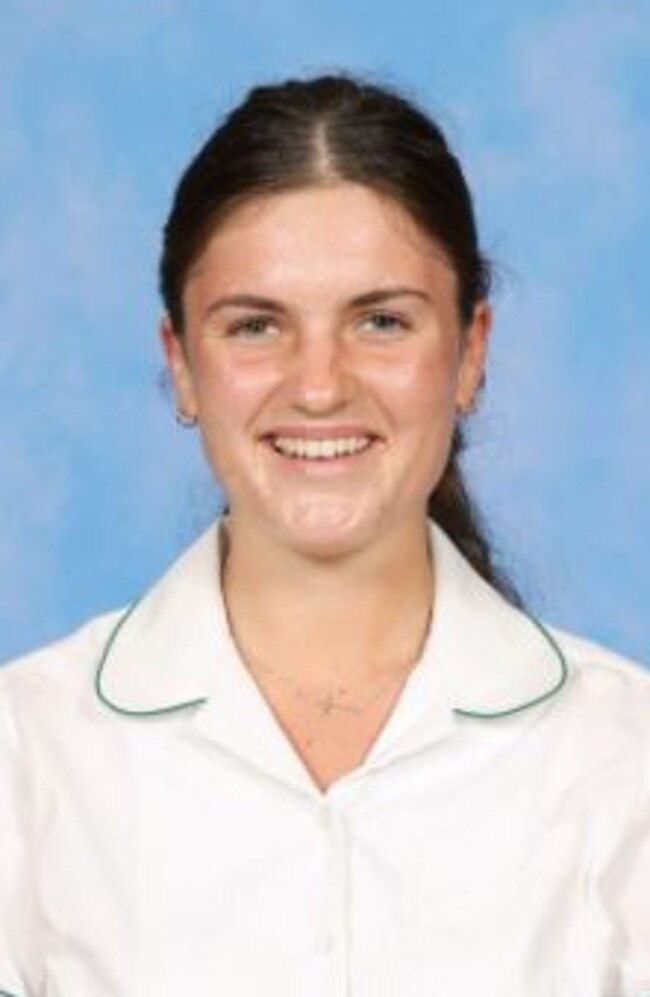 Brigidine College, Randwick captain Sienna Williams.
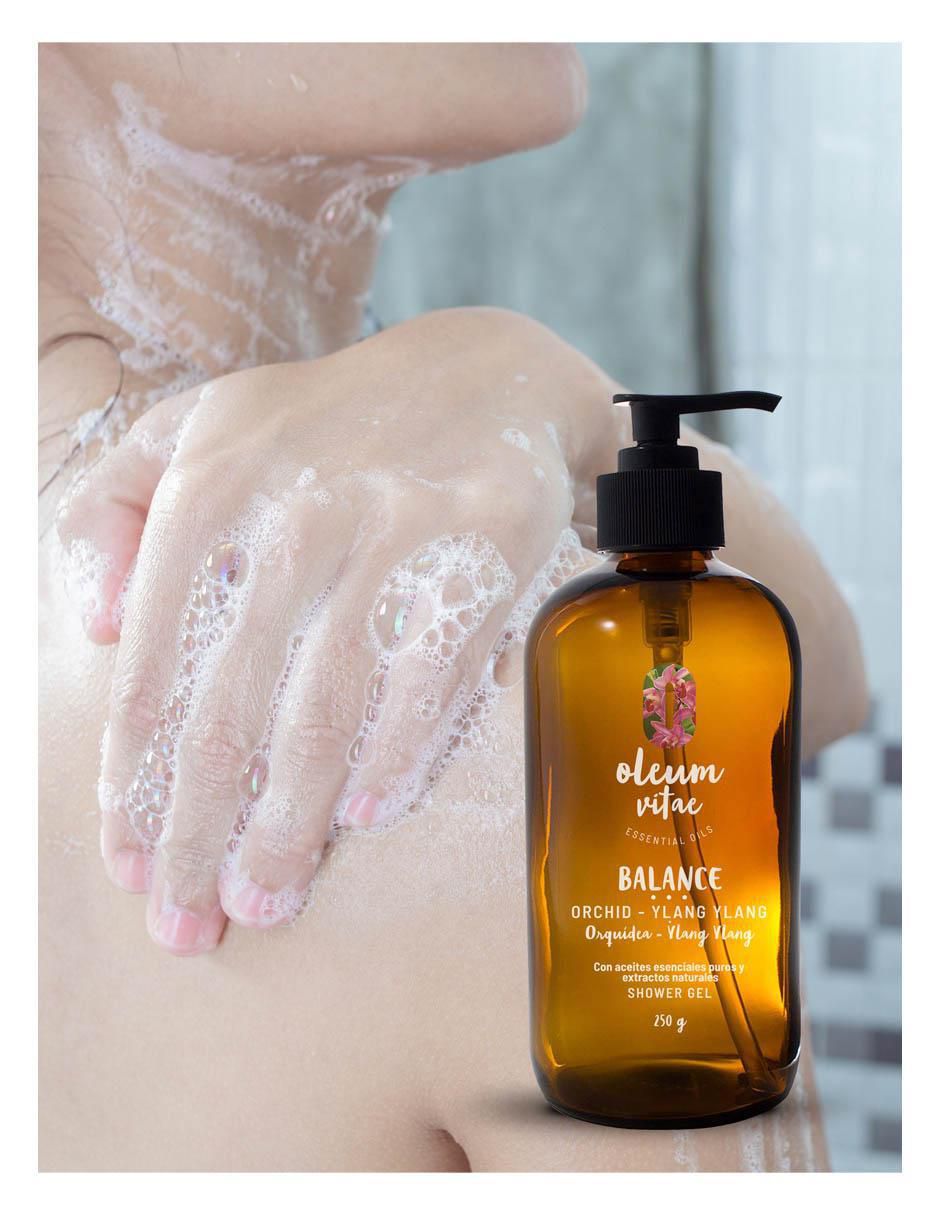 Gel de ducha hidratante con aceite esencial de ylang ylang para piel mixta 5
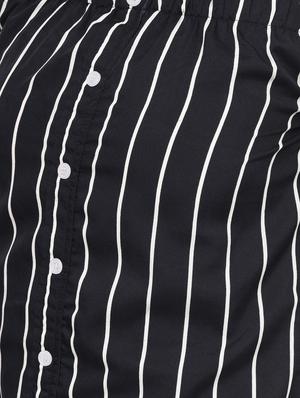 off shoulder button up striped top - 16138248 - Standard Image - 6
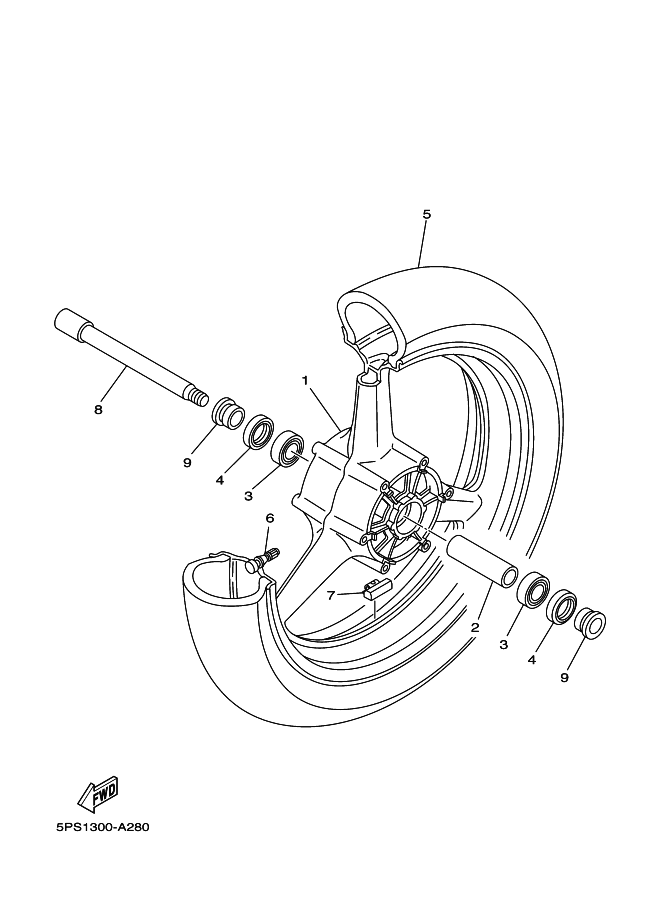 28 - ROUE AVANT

........

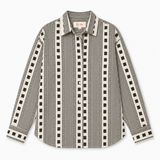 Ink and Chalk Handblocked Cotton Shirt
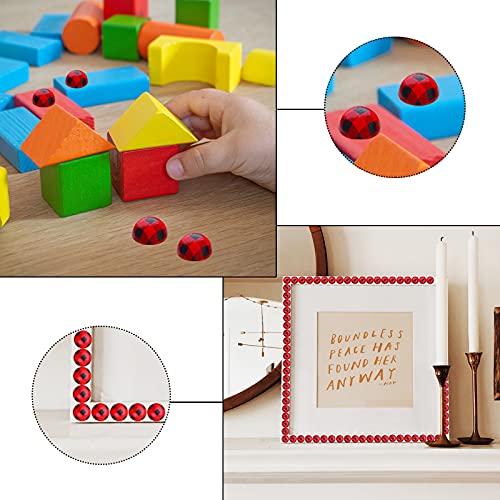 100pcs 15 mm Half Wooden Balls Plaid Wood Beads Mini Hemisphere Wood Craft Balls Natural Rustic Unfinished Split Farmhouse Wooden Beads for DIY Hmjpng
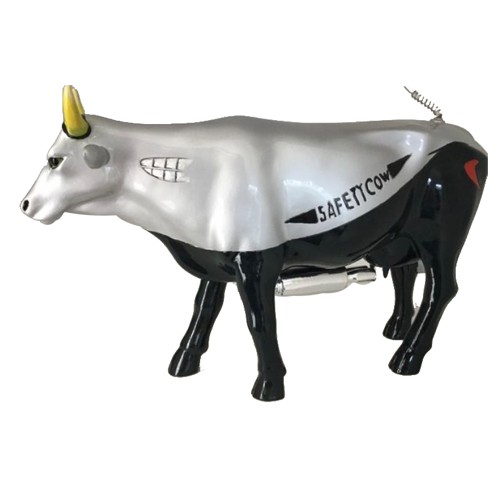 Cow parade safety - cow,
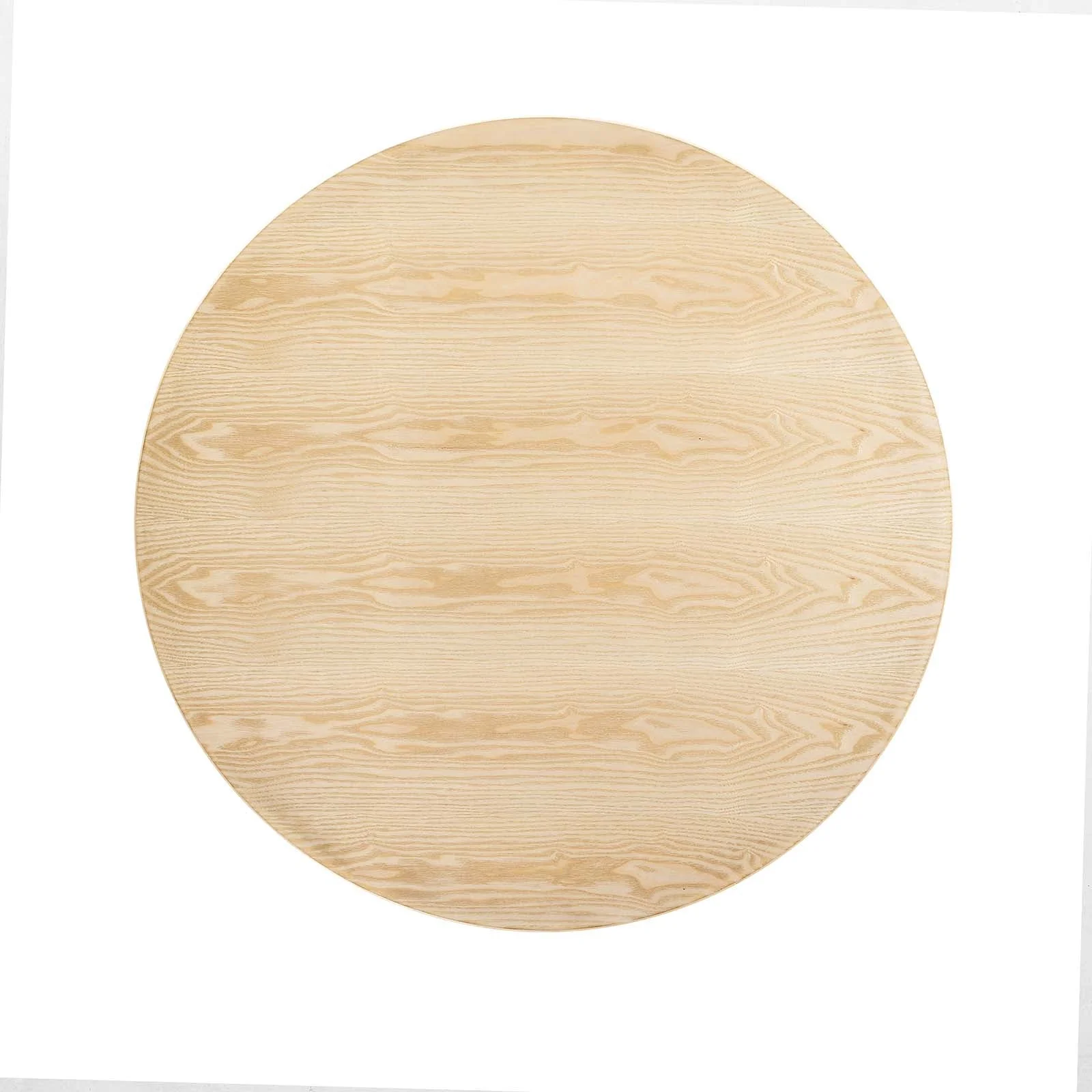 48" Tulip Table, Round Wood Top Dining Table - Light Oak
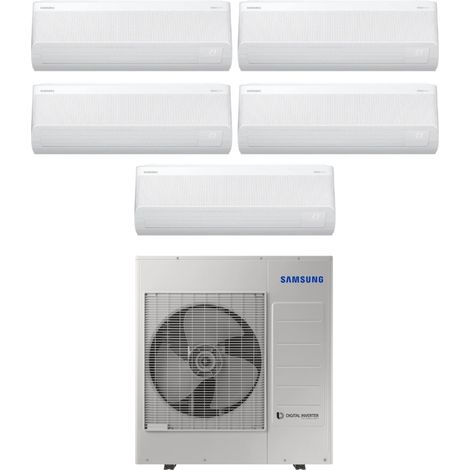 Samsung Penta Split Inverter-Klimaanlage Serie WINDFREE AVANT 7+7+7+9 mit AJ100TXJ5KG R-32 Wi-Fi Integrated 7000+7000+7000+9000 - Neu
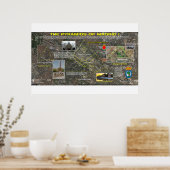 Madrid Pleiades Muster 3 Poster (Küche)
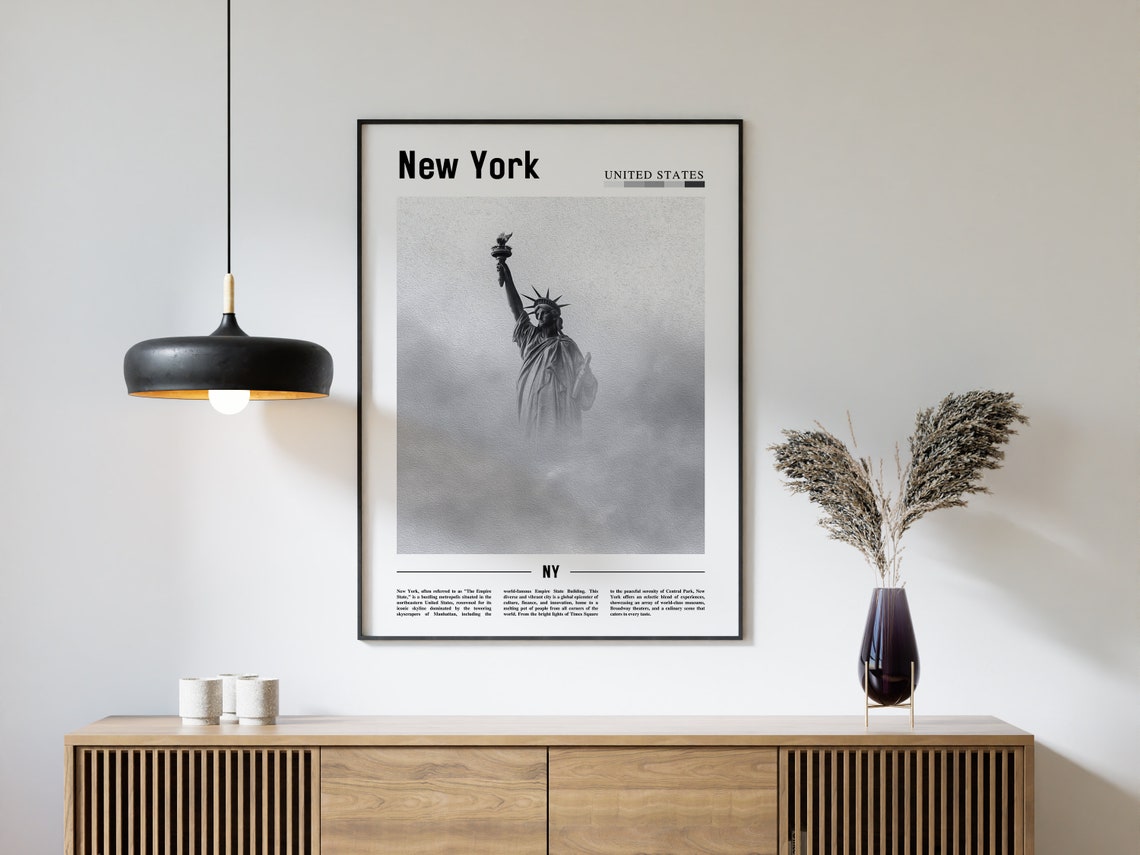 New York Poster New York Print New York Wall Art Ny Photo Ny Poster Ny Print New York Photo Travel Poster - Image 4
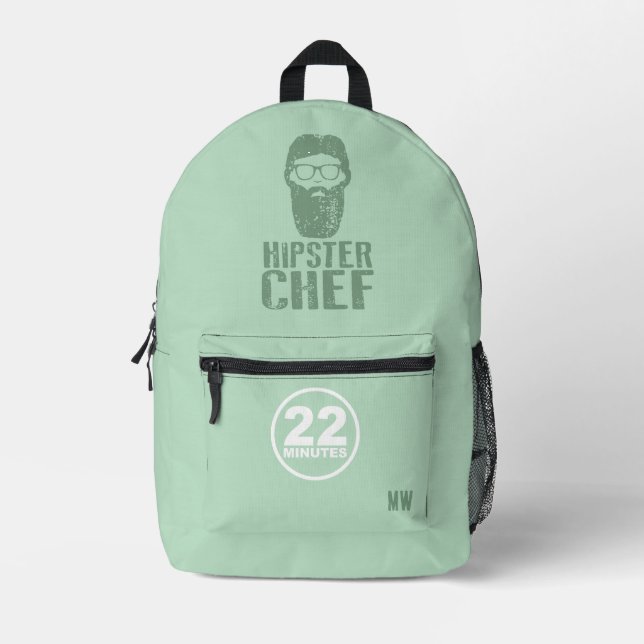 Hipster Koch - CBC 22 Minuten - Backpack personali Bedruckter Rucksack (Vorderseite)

........

What you return must match, character for character, the lines above from the one with "Samsung Penta Split" through the one with "Hipster Koch - CBC", minus any pictures.

 Samsung Penta Split Inverter-Klimaanlage Serie WINDFREE AVANT 7+7+7+9 mit AJ100TXJ5KG R-32 Wi-Fi Integrated 7000+7000+7000+9000 - Neu
 Madrid Pleiades Muster 3 Poster (Küche)
 New York Poster New York Print New York Wall Art Ny Photo Ny Poster Ny Print New York Photo Travel Poster - Image 4
 Hipster Koch - CBC 22 Minuten - Backpack personali Bedruckter Rucksack (Vorderseite)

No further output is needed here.